[Caption-style text data]
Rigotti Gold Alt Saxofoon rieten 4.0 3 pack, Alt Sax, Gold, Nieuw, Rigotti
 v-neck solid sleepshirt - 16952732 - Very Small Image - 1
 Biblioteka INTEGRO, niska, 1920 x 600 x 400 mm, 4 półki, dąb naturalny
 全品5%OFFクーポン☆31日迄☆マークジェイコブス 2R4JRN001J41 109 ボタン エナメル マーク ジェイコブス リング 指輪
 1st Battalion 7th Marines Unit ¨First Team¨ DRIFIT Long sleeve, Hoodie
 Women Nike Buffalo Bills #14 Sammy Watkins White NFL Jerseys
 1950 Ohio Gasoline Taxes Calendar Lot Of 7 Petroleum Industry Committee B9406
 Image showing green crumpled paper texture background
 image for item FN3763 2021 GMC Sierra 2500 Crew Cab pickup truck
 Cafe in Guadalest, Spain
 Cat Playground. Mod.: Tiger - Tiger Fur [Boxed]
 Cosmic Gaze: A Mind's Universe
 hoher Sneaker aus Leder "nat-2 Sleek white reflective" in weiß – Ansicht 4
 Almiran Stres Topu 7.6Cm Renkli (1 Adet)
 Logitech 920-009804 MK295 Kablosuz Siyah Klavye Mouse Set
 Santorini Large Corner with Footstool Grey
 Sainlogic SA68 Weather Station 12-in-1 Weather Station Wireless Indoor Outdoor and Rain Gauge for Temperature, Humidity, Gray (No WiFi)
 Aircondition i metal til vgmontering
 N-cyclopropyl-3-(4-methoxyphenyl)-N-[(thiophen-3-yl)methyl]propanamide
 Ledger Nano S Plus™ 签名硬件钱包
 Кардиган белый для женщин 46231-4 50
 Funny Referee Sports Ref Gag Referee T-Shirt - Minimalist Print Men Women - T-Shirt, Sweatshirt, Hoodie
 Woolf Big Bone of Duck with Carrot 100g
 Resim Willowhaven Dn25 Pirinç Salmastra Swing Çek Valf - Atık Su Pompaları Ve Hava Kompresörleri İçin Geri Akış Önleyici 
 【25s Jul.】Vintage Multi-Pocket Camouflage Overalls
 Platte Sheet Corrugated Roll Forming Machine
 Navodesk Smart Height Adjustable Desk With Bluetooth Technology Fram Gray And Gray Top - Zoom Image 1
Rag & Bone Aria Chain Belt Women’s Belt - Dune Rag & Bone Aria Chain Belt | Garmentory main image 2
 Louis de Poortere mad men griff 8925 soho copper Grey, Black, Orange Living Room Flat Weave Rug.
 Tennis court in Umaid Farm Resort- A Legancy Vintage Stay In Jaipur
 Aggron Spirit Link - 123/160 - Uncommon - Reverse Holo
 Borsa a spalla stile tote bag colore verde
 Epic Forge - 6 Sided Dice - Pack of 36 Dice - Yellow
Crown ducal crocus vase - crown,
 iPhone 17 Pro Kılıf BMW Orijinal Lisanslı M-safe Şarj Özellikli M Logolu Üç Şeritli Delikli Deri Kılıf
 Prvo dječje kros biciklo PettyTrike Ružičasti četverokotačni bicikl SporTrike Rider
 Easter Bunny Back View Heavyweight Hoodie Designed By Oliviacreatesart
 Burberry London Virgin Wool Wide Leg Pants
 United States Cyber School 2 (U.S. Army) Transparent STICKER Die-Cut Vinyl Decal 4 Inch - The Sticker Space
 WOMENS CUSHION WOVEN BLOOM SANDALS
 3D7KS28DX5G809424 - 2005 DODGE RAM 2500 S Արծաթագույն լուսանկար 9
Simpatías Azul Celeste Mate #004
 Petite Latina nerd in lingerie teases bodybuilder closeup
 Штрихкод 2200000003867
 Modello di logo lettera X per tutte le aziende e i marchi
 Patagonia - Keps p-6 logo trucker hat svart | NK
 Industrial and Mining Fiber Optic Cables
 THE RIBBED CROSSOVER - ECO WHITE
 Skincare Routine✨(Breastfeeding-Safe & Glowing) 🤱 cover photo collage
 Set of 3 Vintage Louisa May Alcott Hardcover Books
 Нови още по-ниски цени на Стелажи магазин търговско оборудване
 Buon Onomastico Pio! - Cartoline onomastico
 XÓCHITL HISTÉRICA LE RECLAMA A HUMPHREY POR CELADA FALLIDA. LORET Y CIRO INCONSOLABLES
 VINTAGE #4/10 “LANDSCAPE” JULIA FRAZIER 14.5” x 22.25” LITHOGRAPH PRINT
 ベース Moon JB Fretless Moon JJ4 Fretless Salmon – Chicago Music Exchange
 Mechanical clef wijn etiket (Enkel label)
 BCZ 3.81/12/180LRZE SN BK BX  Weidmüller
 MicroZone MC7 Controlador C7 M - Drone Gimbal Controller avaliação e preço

# Exercise prompt:
The data above needs retyping. Reproduce each line exactly.

# Solution below:
Rigotti Gold Alt Saxofoon rieten 4.0 3 pack, Alt Sax, Gold, Nieuw, Rigotti
 v-neck solid sleepshirt - 16952732 - Very Small Image - 1
 Biblioteka INTEGRO, niska, 1920 x 600 x 400 mm, 4 półki, dąb naturalny
 全品5%OFFクーポン☆31日迄☆マークジェイコブス 2R4JRN001J41 109 ボタン エナメル マーク ジェイコブス リング 指輪
 1st Battalion 7th Marines Unit ¨First Team¨ DRIFIT Long sleeve, Hoodie
 Women Nike Buffalo Bills #14 Sammy Watkins White NFL Jerseys
 1950 Ohio Gasoline Taxes Calendar Lot Of 7 Petroleum Industry Committee B9406
 Image showing green crumpled paper texture background
 image for item FN3763 2021 GMC Sierra 2500 Crew Cab pickup truck
 Cafe in Guadalest, Spain
 Cat Playground. Mod.: Tiger - Tiger Fur [Boxed]
 Cosmic Gaze: A Mind's Universe
 hoher Sneaker aus Leder "nat-2 Sleek white reflective" in weiß – Ansicht 4
 Almiran Stres Topu 7.6Cm Renkli (1 Adet)
 Logitech 920-009804 MK295 Kablosuz Siyah Klavye Mouse Set
 Santorini Large Corner with Footstool Grey
 Sainlogic SA68 Weather Station 12-in-1 Weather Station Wireless Indoor Outdoor and Rain Gauge for Temperature, Humidity, Gray (No WiFi)
 Aircondition i metal til vgmontering
 N-cyclopropyl-3-(4-methoxyphenyl)-N-[(thiophen-3-yl)methyl]propanamide
 Ledger Nano S Plus™ 签名硬件钱包
 Кардиган белый для женщин 46231-4 50
 Funny Referee Sports Ref Gag Referee T-Shirt - Minimalist Print Men Women - T-Shirt, Sweatshirt, Hoodie
 Woolf Big Bone of Duck with Carrot 100g
 Resim Willowhaven Dn25 Pirinç Salmastra Swing Çek Valf - Atık Su Pompaları Ve Hava Kompresörleri İçin Geri Akış Önleyici 
 【25s Jul.】Vintage Multi-Pocket Camouflage Overalls
 Platte Sheet Corrugated Roll Forming Machine
 Navodesk Smart Height Adjustable Desk With Bluetooth Technology Fram Gray And Gray Top - Zoom Image 1
Rag & Bone Aria Chain Belt Women’s Belt - Dune Rag & Bone Aria Chain Belt | Garmentory main image 2
 Louis de Poortere mad men griff 8925 soho copper Grey, Black, Orange Living Room Flat Weave Rug.
 Tennis court in Umaid Farm Resort- A Legancy Vintage Stay In Jaipur
 Aggron Spirit Link - 123/160 - Uncommon - Reverse Holo
 Borsa a spalla stile tote bag colore verde
 Epic Forge - 6 Sided Dice - Pack of 36 Dice - Yellow
Crown ducal crocus vase - crown,
 iPhone 17 Pro Kılıf BMW Orijinal Lisanslı M-safe Şarj Özellikli M Logolu Üç Şeritli Delikli Deri Kılıf
 Prvo dječje kros biciklo PettyTrike Ružičasti četverokotačni bicikl SporTrike Rider
 Easter Bunny Back View Heavyweight Hoodie Designed By Oliviacreatesart
 Burberry London Virgin Wool Wide Leg Pants
 United States Cyber School 2 (U.S. Army) Transparent STICKER Die-Cut Vinyl Decal 4 Inch - The Sticker Space
 WOMENS CUSHION WOVEN BLOOM SANDALS
 3D7KS28DX5G809424 - 2005 DODGE RAM 2500 S Արծաթագույն լուսանկար 9
Simpatías Azul Celeste Mate #004
 Petite Latina nerd in lingerie teases bodybuilder closeup
 Штрихкод 2200000003867
 Modello di logo lettera X per tutte le aziende e i marchi
 Patagonia - Keps p-6 logo trucker hat svart | NK
 Industrial and Mining Fiber Optic Cables
 THE RIBBED CROSSOVER - ECO WHITE
 Skincare Routine✨(Breastfeeding-Safe & Glowing) 🤱 cover photo collage
 Set of 3 Vintage Louisa May Alcott Hardcover Books
 Нови още по-ниски цени на Стелажи магазин търговско оборудване
 Buon Onomastico Pio! - Cartoline onomastico
 XÓCHITL HISTÉRICA LE RECLAMA A HUMPHREY POR CELADA FALLIDA. LORET Y CIRO INCONSOLABLES
 VINTAGE #4/10 “LANDSCAPE” JULIA FRAZIER 14.5” x 22.25” LITHOGRAPH PRINT
 ベース Moon JB Fretless Moon JJ4 Fretless Salmon – Chicago Music Exchange
 Mechanical clef wijn etiket (Enkel label)
 BCZ 3.81/12/180LRZE SN BK BX  Weidmüller
 MicroZone MC7 Controlador C7 M - Drone Gimbal Controller avaliação e preço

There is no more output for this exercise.